La place du réel à l’heure de la téléréalité ? « Je ne crois pas que les docu-drama comme « l’Odyssée de l’espèce » soient l’avenir... » - mars 2005

L’édition 2005 du Festival international du grand reportage d’actualité vient de s’achever au Touquet Paris Plage. Une sélection de 87 films a été projetée sur grand écran. Tous ces documentaires ont été diffusés sur les chaînes de télévision françaises et étrangères ces dernières années. L’occasion de faire le point sur la place des « Écrans du réel » dans les médias aujourd’hui. L’avis de Georges Marque-Bouaret, délégué général du FIGRA.

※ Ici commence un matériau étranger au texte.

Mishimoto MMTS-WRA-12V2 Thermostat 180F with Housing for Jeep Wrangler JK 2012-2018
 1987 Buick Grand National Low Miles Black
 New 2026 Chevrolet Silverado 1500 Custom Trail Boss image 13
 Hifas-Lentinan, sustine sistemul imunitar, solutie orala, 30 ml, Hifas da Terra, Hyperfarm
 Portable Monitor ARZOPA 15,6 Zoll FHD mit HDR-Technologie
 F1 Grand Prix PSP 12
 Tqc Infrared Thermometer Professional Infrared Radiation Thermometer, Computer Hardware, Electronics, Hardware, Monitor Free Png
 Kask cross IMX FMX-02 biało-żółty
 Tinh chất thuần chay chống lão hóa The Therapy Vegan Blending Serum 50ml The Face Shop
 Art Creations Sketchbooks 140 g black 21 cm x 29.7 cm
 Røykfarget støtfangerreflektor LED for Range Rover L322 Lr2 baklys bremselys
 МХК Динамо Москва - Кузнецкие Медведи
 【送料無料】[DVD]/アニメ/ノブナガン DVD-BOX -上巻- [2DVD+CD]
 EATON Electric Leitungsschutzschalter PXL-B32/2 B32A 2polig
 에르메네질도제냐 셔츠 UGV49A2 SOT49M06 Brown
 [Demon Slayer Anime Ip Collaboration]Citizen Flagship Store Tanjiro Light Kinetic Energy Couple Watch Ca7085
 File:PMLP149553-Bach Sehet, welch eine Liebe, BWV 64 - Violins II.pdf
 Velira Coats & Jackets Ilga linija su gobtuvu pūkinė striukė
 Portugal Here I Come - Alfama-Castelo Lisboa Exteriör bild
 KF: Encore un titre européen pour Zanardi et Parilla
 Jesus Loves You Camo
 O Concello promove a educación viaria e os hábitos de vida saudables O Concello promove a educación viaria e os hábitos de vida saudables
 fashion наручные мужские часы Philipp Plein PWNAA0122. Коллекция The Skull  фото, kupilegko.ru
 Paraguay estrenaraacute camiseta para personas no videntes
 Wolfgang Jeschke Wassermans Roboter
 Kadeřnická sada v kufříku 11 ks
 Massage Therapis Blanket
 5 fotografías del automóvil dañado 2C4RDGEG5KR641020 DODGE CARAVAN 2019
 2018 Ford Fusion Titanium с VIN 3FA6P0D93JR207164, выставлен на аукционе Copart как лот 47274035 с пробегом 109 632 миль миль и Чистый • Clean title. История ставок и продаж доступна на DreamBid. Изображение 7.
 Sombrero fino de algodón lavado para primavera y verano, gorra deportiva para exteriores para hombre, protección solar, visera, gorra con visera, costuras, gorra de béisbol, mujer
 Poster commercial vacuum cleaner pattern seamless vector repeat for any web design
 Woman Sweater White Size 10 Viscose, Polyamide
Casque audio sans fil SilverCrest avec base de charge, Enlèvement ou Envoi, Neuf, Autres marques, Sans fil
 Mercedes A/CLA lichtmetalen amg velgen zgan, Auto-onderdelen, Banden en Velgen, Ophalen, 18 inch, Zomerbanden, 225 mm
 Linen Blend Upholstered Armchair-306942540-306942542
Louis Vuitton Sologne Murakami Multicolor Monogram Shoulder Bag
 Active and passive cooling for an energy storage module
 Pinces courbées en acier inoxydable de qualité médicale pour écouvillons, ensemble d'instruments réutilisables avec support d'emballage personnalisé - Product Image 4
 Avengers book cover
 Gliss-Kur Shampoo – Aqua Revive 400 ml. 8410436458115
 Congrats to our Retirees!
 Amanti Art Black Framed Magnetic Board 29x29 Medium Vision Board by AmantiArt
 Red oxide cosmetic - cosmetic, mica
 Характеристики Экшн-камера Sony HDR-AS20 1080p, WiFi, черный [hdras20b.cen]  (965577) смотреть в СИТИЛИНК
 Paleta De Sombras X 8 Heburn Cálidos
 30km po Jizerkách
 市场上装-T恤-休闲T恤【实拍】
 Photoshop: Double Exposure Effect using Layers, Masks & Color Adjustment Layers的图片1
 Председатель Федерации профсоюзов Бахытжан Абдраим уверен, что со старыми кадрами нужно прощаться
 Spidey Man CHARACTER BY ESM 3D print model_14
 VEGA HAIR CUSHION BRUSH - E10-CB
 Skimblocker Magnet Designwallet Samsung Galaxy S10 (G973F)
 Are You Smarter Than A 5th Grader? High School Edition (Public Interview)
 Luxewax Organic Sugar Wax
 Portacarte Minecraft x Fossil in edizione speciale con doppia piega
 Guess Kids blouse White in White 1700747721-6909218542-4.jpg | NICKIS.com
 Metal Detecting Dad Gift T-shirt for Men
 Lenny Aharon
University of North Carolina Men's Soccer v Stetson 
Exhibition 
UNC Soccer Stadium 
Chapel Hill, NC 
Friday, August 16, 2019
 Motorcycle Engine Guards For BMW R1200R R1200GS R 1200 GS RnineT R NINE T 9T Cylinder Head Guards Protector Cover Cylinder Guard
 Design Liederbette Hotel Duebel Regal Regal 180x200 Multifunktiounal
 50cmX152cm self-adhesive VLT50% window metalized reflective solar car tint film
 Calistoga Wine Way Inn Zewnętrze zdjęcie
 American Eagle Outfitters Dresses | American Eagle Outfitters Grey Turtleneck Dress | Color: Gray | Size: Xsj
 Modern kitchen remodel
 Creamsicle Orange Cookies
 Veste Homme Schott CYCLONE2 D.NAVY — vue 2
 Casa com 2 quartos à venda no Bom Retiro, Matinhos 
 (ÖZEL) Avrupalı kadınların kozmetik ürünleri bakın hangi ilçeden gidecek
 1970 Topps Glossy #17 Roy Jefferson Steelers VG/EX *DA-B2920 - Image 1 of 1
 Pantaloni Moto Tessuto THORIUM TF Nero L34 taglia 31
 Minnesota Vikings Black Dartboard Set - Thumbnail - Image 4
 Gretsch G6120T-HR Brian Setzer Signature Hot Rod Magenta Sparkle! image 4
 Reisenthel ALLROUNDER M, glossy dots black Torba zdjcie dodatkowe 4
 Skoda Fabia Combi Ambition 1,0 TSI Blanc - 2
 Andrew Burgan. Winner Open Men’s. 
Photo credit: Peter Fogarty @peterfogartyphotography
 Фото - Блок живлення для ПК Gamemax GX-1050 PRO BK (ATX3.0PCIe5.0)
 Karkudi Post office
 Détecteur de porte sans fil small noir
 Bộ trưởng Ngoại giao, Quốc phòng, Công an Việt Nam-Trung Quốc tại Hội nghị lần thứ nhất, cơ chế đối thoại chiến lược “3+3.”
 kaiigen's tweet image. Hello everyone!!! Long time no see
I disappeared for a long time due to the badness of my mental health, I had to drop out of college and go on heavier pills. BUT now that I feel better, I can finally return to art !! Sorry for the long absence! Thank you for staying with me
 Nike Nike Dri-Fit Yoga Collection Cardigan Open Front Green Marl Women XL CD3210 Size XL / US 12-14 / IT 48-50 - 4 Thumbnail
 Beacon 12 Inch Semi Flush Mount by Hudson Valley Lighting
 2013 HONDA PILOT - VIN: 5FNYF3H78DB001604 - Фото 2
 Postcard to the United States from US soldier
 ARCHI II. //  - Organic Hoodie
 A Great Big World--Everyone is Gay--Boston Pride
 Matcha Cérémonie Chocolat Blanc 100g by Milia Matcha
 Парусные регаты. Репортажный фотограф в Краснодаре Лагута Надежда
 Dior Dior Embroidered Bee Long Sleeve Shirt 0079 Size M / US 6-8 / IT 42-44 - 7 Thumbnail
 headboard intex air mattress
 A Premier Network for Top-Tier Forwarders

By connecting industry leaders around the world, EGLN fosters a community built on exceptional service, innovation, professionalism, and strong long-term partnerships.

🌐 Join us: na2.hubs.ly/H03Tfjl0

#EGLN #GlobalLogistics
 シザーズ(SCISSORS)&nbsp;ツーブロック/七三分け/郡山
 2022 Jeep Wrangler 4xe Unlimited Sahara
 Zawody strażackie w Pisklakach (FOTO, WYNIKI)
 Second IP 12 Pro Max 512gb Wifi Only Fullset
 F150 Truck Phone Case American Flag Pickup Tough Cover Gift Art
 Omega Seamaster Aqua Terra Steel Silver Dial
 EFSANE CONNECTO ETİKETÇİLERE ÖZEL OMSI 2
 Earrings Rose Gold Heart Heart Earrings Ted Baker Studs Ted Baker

Le documentaire de société est-il en perte de vitesse dans les médias français ?

On ne peut pas dire cela. Que ce soit sur les chaînes hertziennes et du câble..., le documentaire a toujours sa place. On ne peut pas dire non plus qu’il y en a moins qu’avant, mais leurs heures de programmation sont excessivement variées.
Dans la course à l’audimat, les programmateurs ne misent plus sur le grand reportage aujourd’hui - à part quelques émissions célèbres - et, d’autres programmes, plus populaires, les remplacent. Les documentaires de société sont dès lors relégués à des heures de plus en plus tardives, parfois à 1h30 du matin !
Je ne crois pas en l’audiométrie. Cela fausse tout le système d’appréciation de la télévision et cela donne des programmateurs qui n’y croient plus. Sinon, ils ne seraient pas obligés de planifier des « docu-drama » à la manière de « L’Odyssée de l’espèce » - certes intéressants&nbsp- en disant « c’est ça l’avenir, la panacée ». ça, je n’y crois pas !
Je crois plutôt qu’il y a des sujets d’actualité, de société, des grands reportages qui plaisent au public et qui mériteraient d’être diffusés à des heures plus décentes. D’autres chaînes, en Belgique, en Suisse, en Angleterre le font et elles n’en sont pas mortes.

Qu’est-ce qui a changé ?

Ce qu’on appelait le grand reportage d’actualité, assurés par des rédactions dans des chaînes ou des agences de presse, tend à disparaître progressivement. Mais ce n’est pas très inquiétant parce qu’il est remplacé par le documentaire de société ou d’information. Les journalistes sont en fait devenus des réalisateurs. Les bases du documentaire sont les mêmes que celles du grand reportage d’actualité... C’est simplement plus technique.
La seule chose qui change, c’est que ces films sont de plus en plus écrits. La qualité n’en est que renforcée... mais la production est toujours aussi importante.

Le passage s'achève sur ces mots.